Dennett mocks those who say that life without faith has no meaning as "believers in belief". Yet he displays a zealous faith in unbelief that is far more inimical to doubt, and there is more scepticism in a single line of the [Blaise Pascal’s] Pensees than in the whole of Dennett's leaden tome.
Breaking the Spell approaches its subject with a relentless, simple-minded cleverness that precludes anything like profundity, and much of it seems designed to demonstrate the author's intellectual ingenuity rather than to advance the reader's understanding…
When Dennett delivers on the promise of the book - a naturalistic explanation of religion - the result is embarrassingly naïve.
Even Sam Harris, the Buddhist/mystic/atheist who does not like the term “Buddhist,” “mystic” or “atheist,” whose pursuit of Buddhist atheist mysticism is not approved of by other New Atheist, such as Richard Dawkins, promulgates just that: a strictly materialistic form of meditation (which is actually more in keeping with Buddhism’s atheistic roots).

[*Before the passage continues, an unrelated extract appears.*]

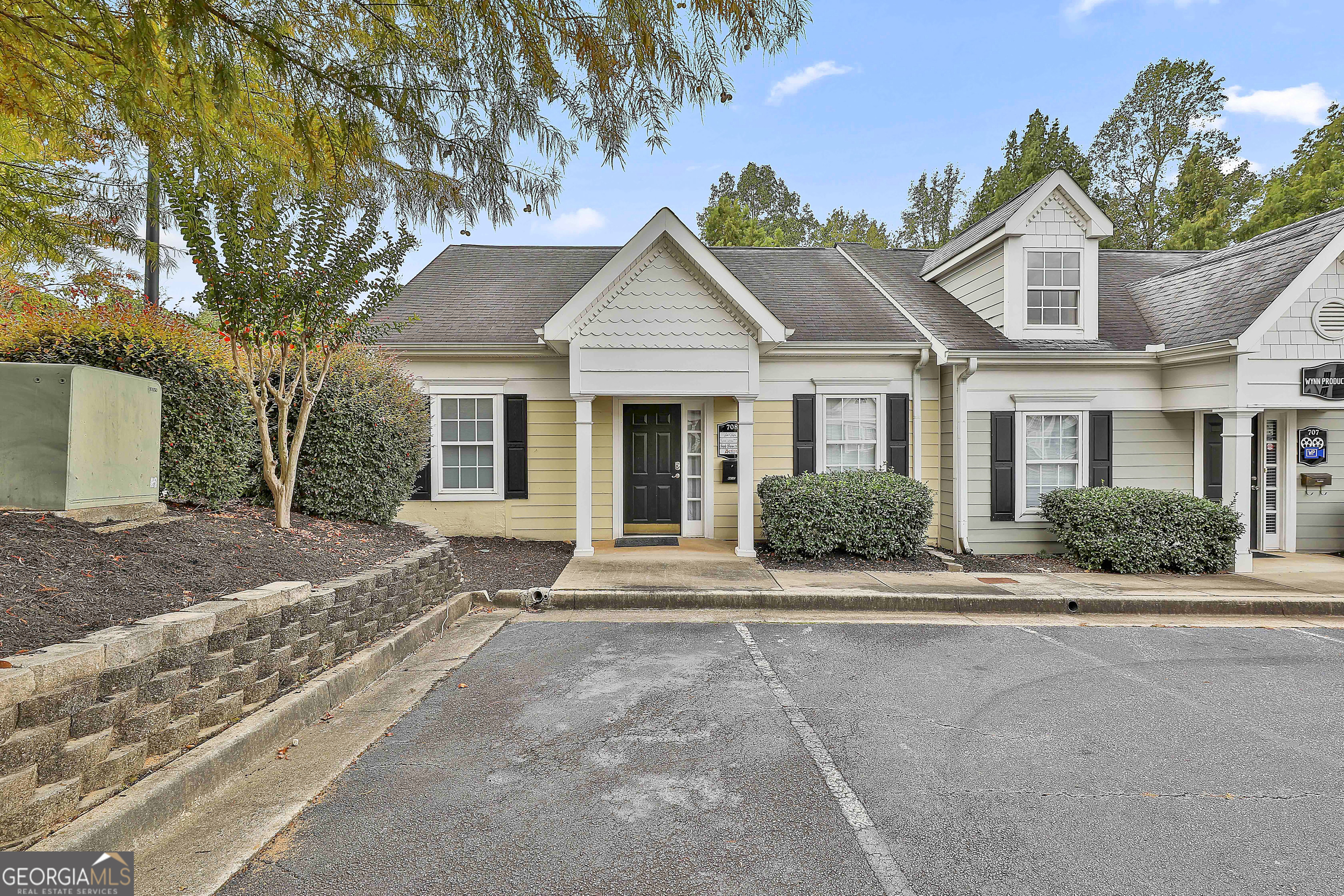 500 W Lanier AVE 708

Unbelief in belief even leads some atheists to prefer an answer which only leaves one asking more questions than to an answer which is philosophically more fulfilling. Such is that case with those who, for example, prefer to appeal to aliens as being the creators of our universe and or life. This does not answer the question of how they came about but merely pushed the question of origins further back in time. Meanwhile, a supernatural/theistic creator who is, as is logically and scientifically viable, outside/beyond time, space and matter is rejected (again, see On the Flying Spaghetti Monster, the Invisible Pink Unicorns, et al.). Anything to maintain unbelief in belief.
Let us end with some food for thought, some makings of a brain storming session:
Generally when atheists ask for evidence of God’s existence they do not seem to consider upon which premise the request such evidence.
They generally do not define what they mean by “evidence.”
When they do they are merely expressing their own theological views and demanding that we adhere to them—dogmatheistically.
If they specify “scientific” and or “empirical” evidence they do not seem to consider that science/empiricism are a narrow fields which deals with a narrow bandwidth, as it where, of reality and thus, functions within parameters.
Moreover, since there is no scientific/empirical evidence supporting the request for scientific evidence the request is self defeating.
Do we look for wet evidence of a dry object? Do we look for physical evidence of something/someone who is not non-physical.
Such as, and others, are the ways of those who hold to belief in unbelief and unbelief in belief.
 Judith Shulevitz, “The Belief Trap - The evolutionary explanation of religion gets stuck,” Slate, March 8, 2006
 C. S. Lewis, Mere Christianity, Chapter 4: “What Lies Behind the Law”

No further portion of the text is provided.